North Dakota is the only U.S. state whose small population does not entitle it to any House seats.

Foreign affairs[edit | edit source]

Though North Dakota is landlocked and borders only inconsequential Canada, it has had an activist foreign policy ever since native daughter Sarah Palin remarked, "Yoobetcha, we can see Russia from the steps of my grade school."

North Dakota's sister state is the similarly named North Korea, with which it has coordinated planned annual "friendship games". Supreme Commander of North Korea (and U.S. Senator) Kim John Hoeven announced the exchange of nukes to North Korea for North Korean food aid to North Dakota, as most of the prime farmland is now planted in ethanol.

Exports[edit | edit source]

North Dakota's highly-sought-after products in international commerce include wind, snow, methamphetamine, and lots of manure.

Economy[edit | edit source]

Huge swaths of North Dakota are literally unpopulated. The yellow spots are missile silos.

Population[edit | edit source]

Putting an exact number on the population of North Dakota is impossible. And not because there are too many of them, as the accompanying map shows. The counties shown in dark green have < 1 person, and there is no such thing as half a person.

Most North Dakotans are cold-hardened barbarians who can burrow in the snow, a skill they use to hunt white-tail deer.

Crime[edit | edit source]

The Coen brothers made a documentary called Fargo that documented the only crime ever committed in North Dakota. It is the tale of a car salesman who hires two men to kidnap his wife for a ransom of $80,000. The crime sets off a chain of murders, which in turn are investigated by pregnant police chief Marge Gunderson. None of the film's action actually takes place in North Dakota, but the Coen Brothers were unable to spell Bemidji. A sequel eventually became syndicated as TV's Twin Peaks.

Interesting facts[edit | edit source]

If you see more than two of these on the same day you need to flee.

North Dakota was once a military base for the French Army in the 1960s. After the Cold War, France surrendered all their nukes, more than anywhere else in North America, in large holes scattered around the state. To this day, North Dakota is the only government that has won a war against France while lying on its side. North Dakota is now the world's third-largest nuclear power, so if the Minnesotans don't stop blasting their rap music near the border at night, there will be serious consequences.

Bismarck, the capital, is coincidentally also the nickname Joseph Stalin gave to his left testicle. ("Rutherford" was the other.)

Siberia actually sends prisoners to North Dakota. This punishment is so severe that prisoners so sentenced often attempt suicide.

Technically ND never became a state till 2012, because they never had inagurarions. Proving North Dakota was fake.

Languages[edit | edit source]

North Dakotan is a unique language that muddles any word and the word you together to form a botched hybrid, as in "Dontcha" or "betcha". It follows German sentence structure, as in, "Betcha can't leave the state, dontcha know?"

The vocabulary comprises Norwegian–Danish–Swedish words and Canadian phrases.

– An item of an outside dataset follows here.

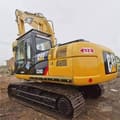 Caterpillar 320D del 2024, escavatore cingolato, vista posteriore tre quarti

Yoo doontcha knooo what the heck they golly are toolking abooot frooom dang moooths.

Possible nonexistence[edit | edit source]

Some scholars claim that when driving through "North Dakota", one is merely driving through Montana and got lost around Helena. Some who have claimed to have traveled to North Dakota are mentally incompetent; many of those were actually lost in northern South Dakota. However, since people do seem to live in Fargo (see the inspirational 1996 movie Fargo for inspiration), some who profess there is no North Dakota are really just jealous South Dakotans.

Another accusation is that the "state" of North Dakota is a cover story devised by Grover Cleveland, and that the region is actually a trans-dimensional wormhole to the Mongolian–Chinese Border.

North Dakotans are building a border fence right now to repel the slack-jaw yokels from South Dakota. (Fook them.) The natives also can't stand Minnesotans, Montanans and Manitobans. But the main focus is to drain Devil's Lake. (Fargo, Grand Forks and Bismarck may be underwater soon.)